→ Records supplied:
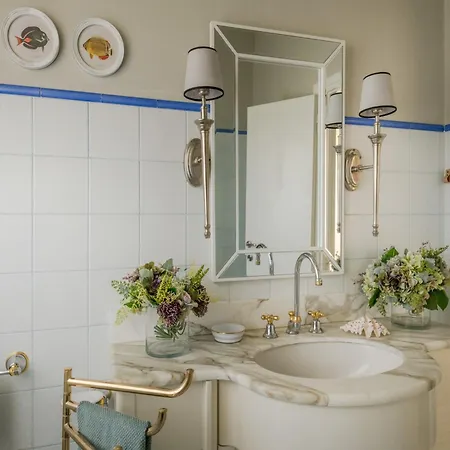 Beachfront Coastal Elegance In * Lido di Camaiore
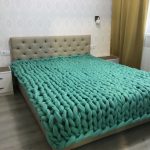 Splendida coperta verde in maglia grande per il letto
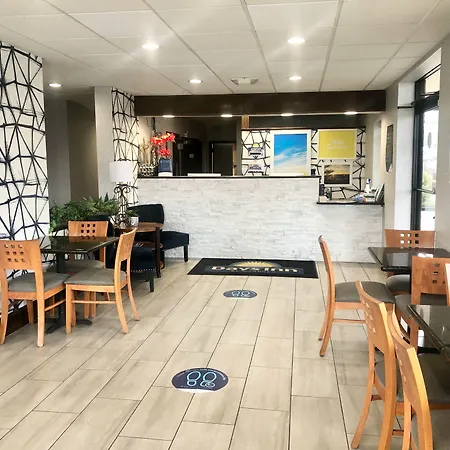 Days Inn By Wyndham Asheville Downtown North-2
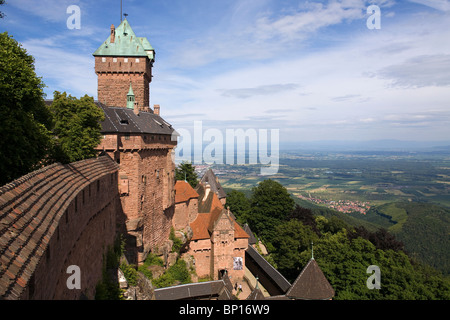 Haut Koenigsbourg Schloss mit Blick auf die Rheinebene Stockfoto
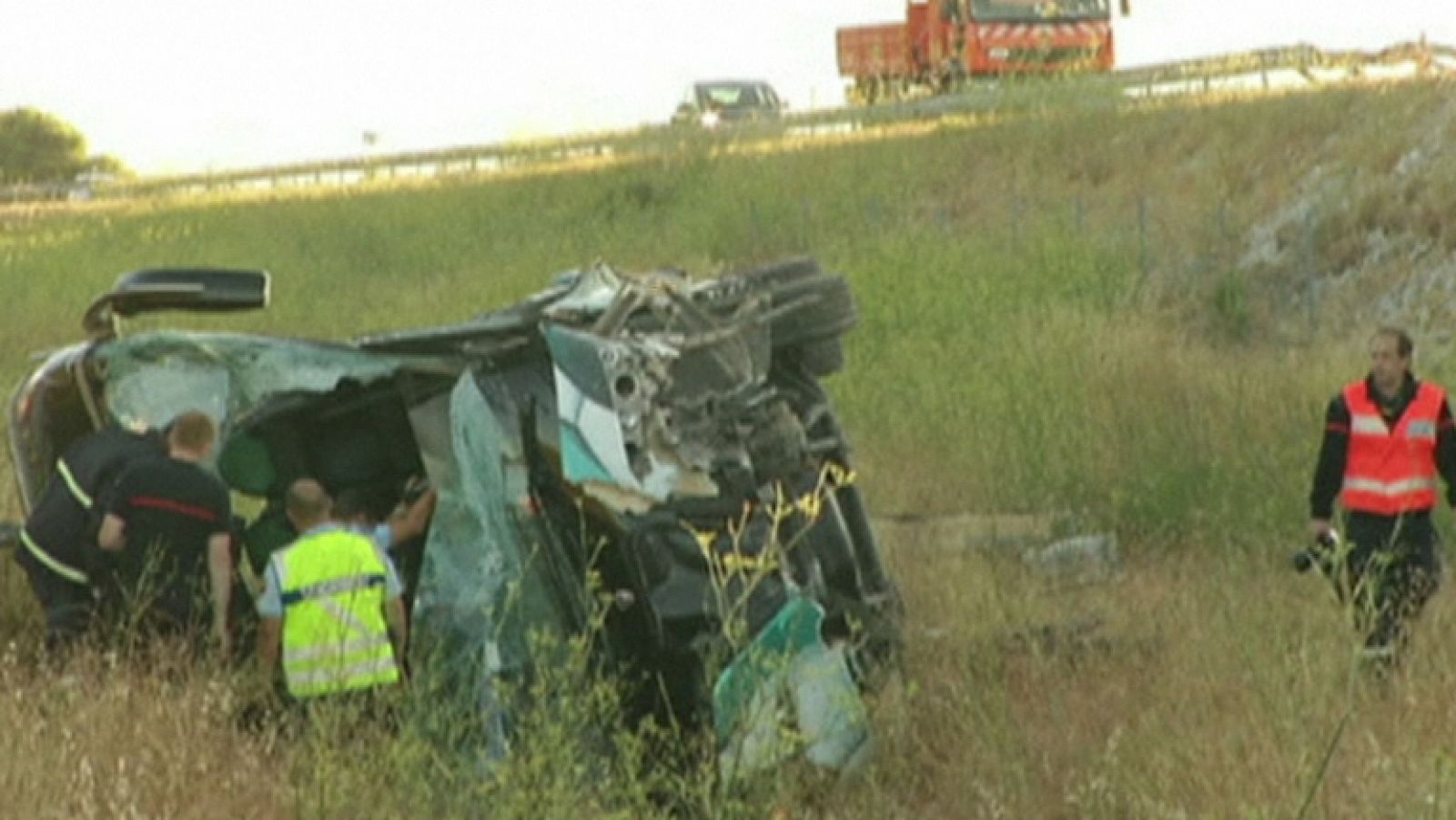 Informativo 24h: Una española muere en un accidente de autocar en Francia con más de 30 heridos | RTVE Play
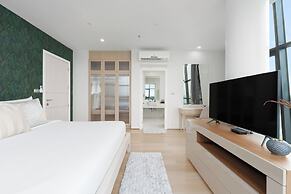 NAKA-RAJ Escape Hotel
==
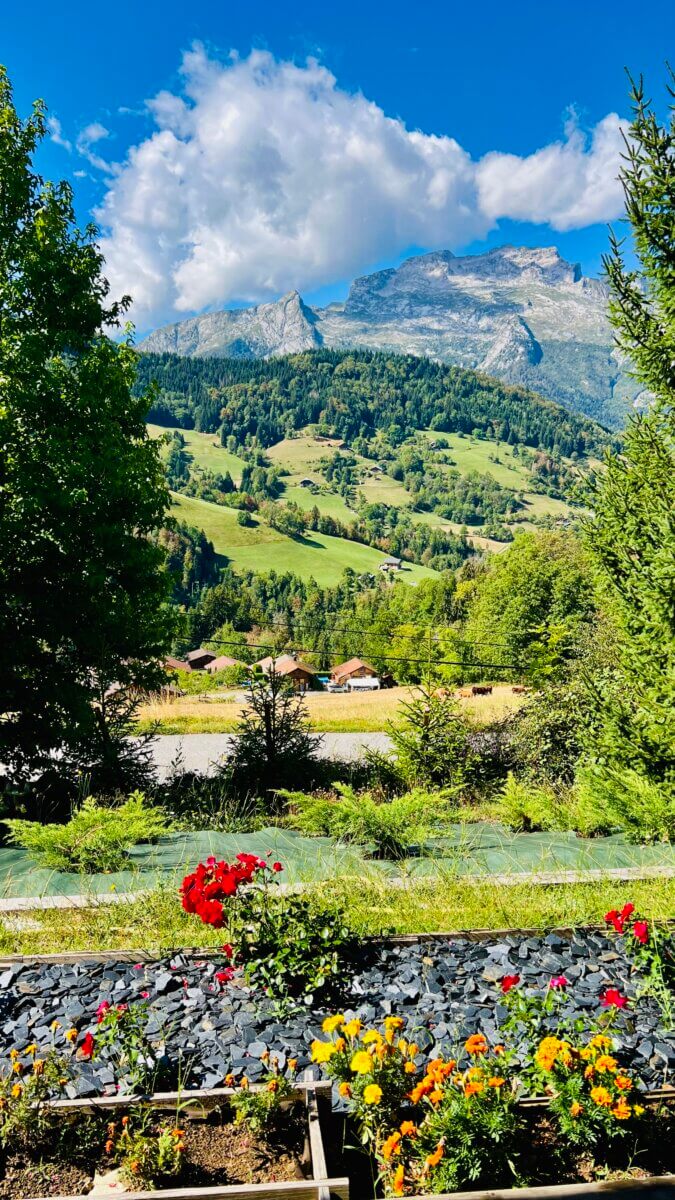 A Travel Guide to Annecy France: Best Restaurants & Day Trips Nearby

→ Task statement: In the listing above, find the line with "Informativo 24h: Una" and the line with "NAKA-RAJ Escape Hotel". Set down both and every line between them, minus the pictures.

→ Answer space:
 Informativo 24h: Una española muere en un accidente de autocar en Francia con más de 30 heridos | RTVE Play
 NAKA-RAJ Escape Hotel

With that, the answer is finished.